%%

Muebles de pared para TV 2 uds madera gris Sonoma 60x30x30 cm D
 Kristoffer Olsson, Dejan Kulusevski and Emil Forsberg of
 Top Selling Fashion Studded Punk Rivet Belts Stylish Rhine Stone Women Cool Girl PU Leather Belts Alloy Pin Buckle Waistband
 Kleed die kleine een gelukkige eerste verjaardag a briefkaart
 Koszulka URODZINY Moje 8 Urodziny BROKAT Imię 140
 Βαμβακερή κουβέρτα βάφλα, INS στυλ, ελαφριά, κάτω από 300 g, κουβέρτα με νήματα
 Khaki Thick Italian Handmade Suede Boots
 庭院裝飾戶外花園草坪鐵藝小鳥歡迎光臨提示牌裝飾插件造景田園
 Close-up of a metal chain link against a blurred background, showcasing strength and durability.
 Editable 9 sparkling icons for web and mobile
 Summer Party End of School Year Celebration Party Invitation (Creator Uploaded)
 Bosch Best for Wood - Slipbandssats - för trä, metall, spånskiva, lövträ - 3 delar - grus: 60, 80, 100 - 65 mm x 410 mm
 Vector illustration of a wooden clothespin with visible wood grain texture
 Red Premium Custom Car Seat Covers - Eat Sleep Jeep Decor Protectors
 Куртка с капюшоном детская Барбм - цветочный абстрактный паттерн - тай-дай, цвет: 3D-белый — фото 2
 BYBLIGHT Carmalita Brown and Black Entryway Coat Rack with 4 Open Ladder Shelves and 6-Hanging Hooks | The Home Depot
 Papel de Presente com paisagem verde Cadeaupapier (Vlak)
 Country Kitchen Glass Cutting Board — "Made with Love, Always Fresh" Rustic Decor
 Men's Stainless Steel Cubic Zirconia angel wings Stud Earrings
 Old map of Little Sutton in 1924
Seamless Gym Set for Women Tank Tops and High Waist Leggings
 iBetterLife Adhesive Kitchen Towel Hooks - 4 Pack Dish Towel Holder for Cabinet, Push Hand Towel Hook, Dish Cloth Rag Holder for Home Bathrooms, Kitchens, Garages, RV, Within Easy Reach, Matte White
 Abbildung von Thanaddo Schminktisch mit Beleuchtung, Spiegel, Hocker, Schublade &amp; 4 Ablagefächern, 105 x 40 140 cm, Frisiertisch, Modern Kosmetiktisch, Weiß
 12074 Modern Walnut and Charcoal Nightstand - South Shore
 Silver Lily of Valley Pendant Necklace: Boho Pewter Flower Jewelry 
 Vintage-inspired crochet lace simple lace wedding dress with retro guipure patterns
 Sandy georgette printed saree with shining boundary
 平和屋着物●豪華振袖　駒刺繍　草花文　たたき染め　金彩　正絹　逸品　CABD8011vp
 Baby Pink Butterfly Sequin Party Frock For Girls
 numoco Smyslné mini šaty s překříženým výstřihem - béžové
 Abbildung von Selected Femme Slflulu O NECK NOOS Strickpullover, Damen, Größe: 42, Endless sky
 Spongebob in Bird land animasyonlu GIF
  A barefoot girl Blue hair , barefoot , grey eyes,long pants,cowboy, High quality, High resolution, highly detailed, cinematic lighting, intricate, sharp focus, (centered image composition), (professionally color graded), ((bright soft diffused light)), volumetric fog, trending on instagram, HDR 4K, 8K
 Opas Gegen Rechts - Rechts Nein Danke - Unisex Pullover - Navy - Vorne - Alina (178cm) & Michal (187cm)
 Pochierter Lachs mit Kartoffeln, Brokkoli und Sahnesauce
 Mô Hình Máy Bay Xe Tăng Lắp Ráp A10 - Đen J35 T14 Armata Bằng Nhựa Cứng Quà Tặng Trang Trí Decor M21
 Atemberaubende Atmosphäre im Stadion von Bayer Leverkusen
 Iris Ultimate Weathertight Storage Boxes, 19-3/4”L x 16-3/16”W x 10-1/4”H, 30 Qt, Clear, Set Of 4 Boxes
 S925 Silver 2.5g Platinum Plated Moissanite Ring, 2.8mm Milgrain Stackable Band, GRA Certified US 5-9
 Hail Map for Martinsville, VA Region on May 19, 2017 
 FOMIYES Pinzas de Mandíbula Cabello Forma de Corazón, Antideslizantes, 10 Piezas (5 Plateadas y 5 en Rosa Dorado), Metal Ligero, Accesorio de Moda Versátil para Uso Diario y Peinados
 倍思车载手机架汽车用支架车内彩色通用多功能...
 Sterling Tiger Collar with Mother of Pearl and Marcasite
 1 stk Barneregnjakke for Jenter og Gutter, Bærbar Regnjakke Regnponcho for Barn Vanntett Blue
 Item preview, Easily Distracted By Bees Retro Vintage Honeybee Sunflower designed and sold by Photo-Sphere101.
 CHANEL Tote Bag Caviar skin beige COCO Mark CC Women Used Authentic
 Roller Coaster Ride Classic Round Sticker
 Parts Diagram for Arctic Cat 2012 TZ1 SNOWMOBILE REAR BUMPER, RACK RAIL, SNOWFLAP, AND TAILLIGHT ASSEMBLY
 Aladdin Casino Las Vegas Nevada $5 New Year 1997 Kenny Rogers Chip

%%

Task details → Taking the lines above, repeat exactly those from the line that contains "Spongebob in Bird land animasyonlu GIF" through the line that contains "Hail Map for", and both of those lines as well. Include nothing else.

Expected output →
 Spongebob in Bird land animasyonlu GIF
  A barefoot girl Blue hair , barefoot , grey eyes,long pants,cowboy, High quality, High resolution, highly detailed, cinematic lighting, intricate, sharp focus, (centered image composition), (professionally color graded), ((bright soft diffused light)), volumetric fog, trending on instagram, HDR 4K, 8K
 Opas Gegen Rechts - Rechts Nein Danke - Unisex Pullover - Navy - Vorne - Alina (178cm) & Michal (187cm)
 Pochierter Lachs mit Kartoffeln, Brokkoli und Sahnesauce
 Mô Hình Máy Bay Xe Tăng Lắp Ráp A10 - Đen J35 T14 Armata Bằng Nhựa Cứng Quà Tặng Trang Trí Decor M21
 Atemberaubende Atmosphäre im Stadion von Bayer Leverkusen
 Iris Ultimate Weathertight Storage Boxes, 19-3/4”L x 16-3/16”W x 10-1/4”H, 30 Qt, Clear, Set Of 4 Boxes
 S925 Silver 2.5g Platinum Plated Moissanite Ring, 2.8mm Milgrain Stackable Band, GRA Certified US 5-9
 Hail Map for Martinsville, VA Region on May 19, 2017 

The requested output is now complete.